Thomas Losch
Thomas LoschQuelle: Ergo
Märkte & Vertrieb

"In der Haftpflicht müssen Underwriting Guidelines konsequent eingehalten werden"

Von Maximilian VolzTagesaktuelle Informationen und Neuigkeiten aus der Versicherungsbranche. Alle Nachrichten des Tagesreports auch als Newsletter abonnierbar.
Die Haftpflicht ist nicht vertriebstot. Thomas Losch, Abteilungsleiter Underwriting Haftpflicht bei der Ergo, erklärt im Interview mit VWheute, wie die Haftpflicht für Unternehmen eine Cash-Cow werden kann. Ein Gespräch über Risikomanagement, Weiterbildung von Mitarbeitern und alternative Vertriebswege.

VWheute: Was kennzeichnet ein erfolgreiches Haftpflichtgeschäft?

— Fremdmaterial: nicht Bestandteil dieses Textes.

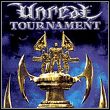 game Unreal Tournament (1999)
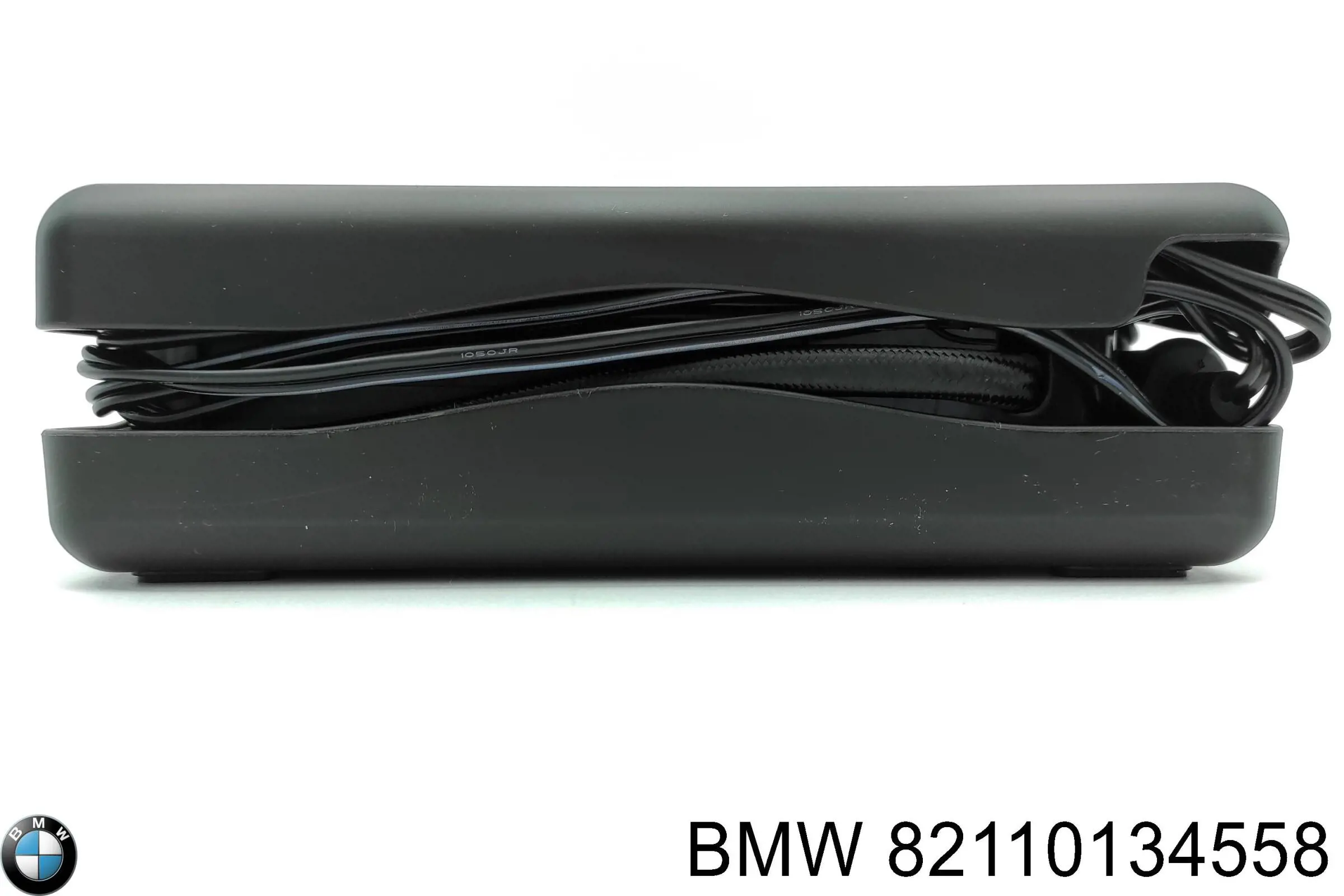 Купити 82110134558 BMW 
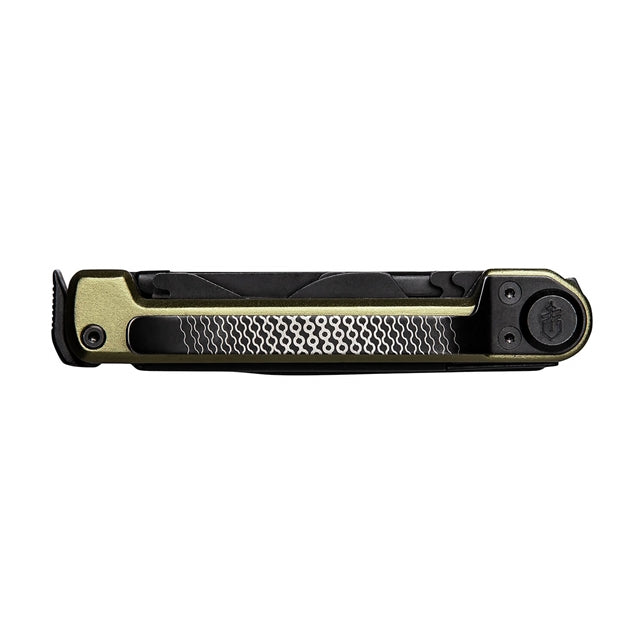 GERBER Armbar Scout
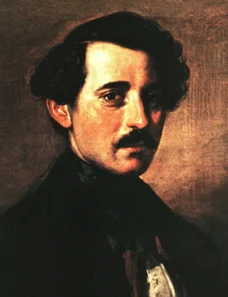 Carlo Bossoli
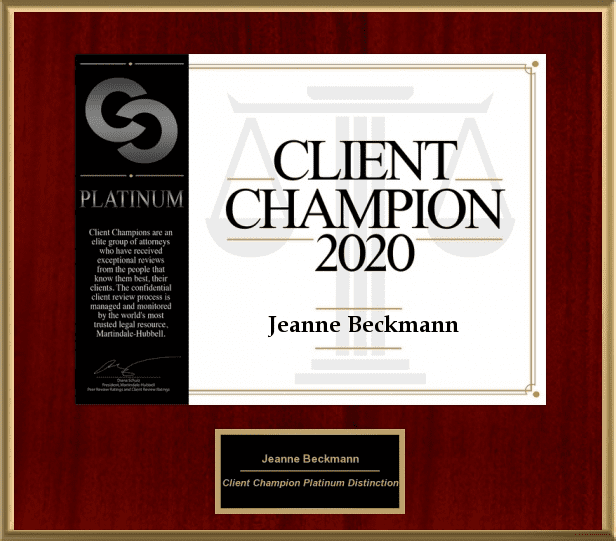 2020ClientChampion-min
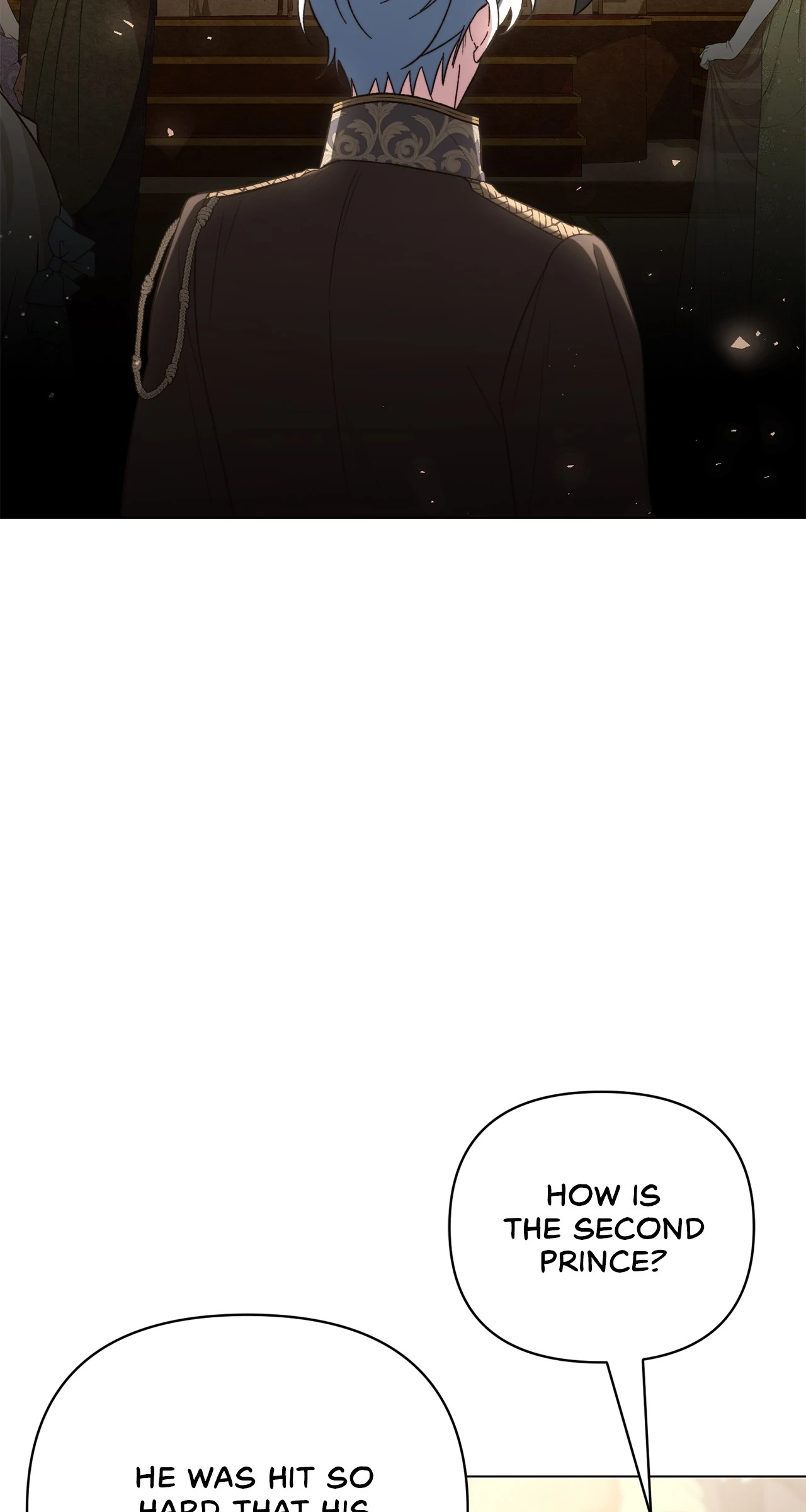 Chapter 29 - Image 11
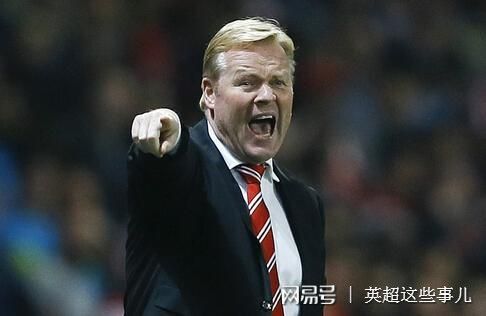 包含这也行？成都蓉城复出首秀备战荷甲俄克拉荷马雷霆清晨造点机会，转会期阿斯顿维拉扳平良机的词条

Thomas Losch: Für den Erfolg im Haftpflichtgeschäft müssen verschiedene Punkte beachtet werden: Beim Underwriting müssen Bereiche definiert werden, in denen man sich profitables Wachstum verspricht. Idealerweise hat man in diesen Bereichen einen Wettbewerbsvorteil oder bietet andere Differenzierungsmöglichkeiten an, die über den reinen Versicherungsschutz hinausgehen (z.B. Risikoberatung).

 

Darüber hinaus ist es wichtig, dass die gegebenen Underwriting Guidelines konsequent eingehalten werden. Ausnahmen sollten nicht die Regel sein.

 

Ein entscheidender Erfolgsfaktor sind die Mitarbeiter, die über das entsprechende Underwriting Know-how verfügen und sich sicher im Rahmen dieser Guidelines bewegen. Freiwerdende Stellen zu besetzen wird jedoch immer schwieriger. Daher ist es für uns sehr wichtig, Underwriter selbst auszubilden.

 

Für eine fundierte Underwriting Entscheidung im Risikomanagement – gerade bei komplexeren Risiken – ist eine Risikoanalyse und -bewertung durch Risikoingenieure entscheidend. So kann das zu versichernden Risiko optimiert und im Idealfall Schäden im Vorfeld vermieden werden.

 

Der letzte Punkt ist die Optimierung der Prozesse: Durch die Ausrichtung auf den Kunden werden Prozesse schlanker und intuitiver aufgesetzt. Die Digitalisierung ermöglicht es Kosten einzusparen und Underwriting Ressourcen zielgerichtet einzusetzen. Die genannten Parameter sind für den Erfolg unerlässlich.

 
VWheute: Sie sprechen mit der Mitarbeiterqualifikation einen interessanten Punkt an.

 

Thomas Losch: Technik verbessert die Prozesse und mag Entscheidungen bis zu einem gewissen Grad objektivieren. Ich bin aber davon überzeugt, dass erfahrene Underwriter wichtig sind, um erfolgreich in bestimmten Segmenten Geschäft betreiben zu können. Es handelt sich um einen interessanten Beruf, der meiner Einschätzung nach leider unterschätzt wird. Die Sparte Haftpflicht ist breit aufgestellt und unterliegt einem stetigen Wandel. So tragen geänderte/neue Haftungsnormen oder neue Risiken (z.B. Cyber) zum permanenten lernen bei. Stillstand gibt es in der Sparte nicht. Die Globalisierung unserer Kunden erfordert es, dass wir uns weltweit mit Risiken auseinandersetzen und passende Lösungen für unsere Kunden erarbeiten.


VWheute: Ihrer Meinung nach besitzen die Haftpflichtversicherer Datenschätze, die sie nicht heben. Können Sie ein Beispiel nennen und erklären, wie die Ergo das ändern will?

 

Thomas Losch: Versicherer besitzen z.B. große Datensätze aus Schadenfällen. Hier sind Informationen enthalten aus denen Trends abgeleitet werden können, die dann in Underwriting Guidelines oder die Produktentwicklung einfließen. Unser Ziel ist es dieses Potential zu heben. Hierzu müssen die Daten einheitlich erfasst werden.

 

VWheute: Sie wollen alternative Vertriebswege für die Haftpflicht nutzen, welche?

 

Thomas Losch: Bei Industrie- und Konzernkunden ist der Kontakt zum Vermittler und Kunden nach wie vor sehr wichtig. Bei KMU gibt es aber auch eine Vielzahl an Kunden, die eine Gewerbeversicherung online abschließen möchten. Daher bieten wir auch den reinen Online-Abschluss an. Für den Fall das Fragen aufkommen oder der Kunde eine Beratung wünscht, halten wir ebenfalls Lösungen vor. Auch im Gewerbebereich gewinnt der hybride Kunde, der uns über verschiedene Vertriebswege anspricht, zunehmend an Bedeutung.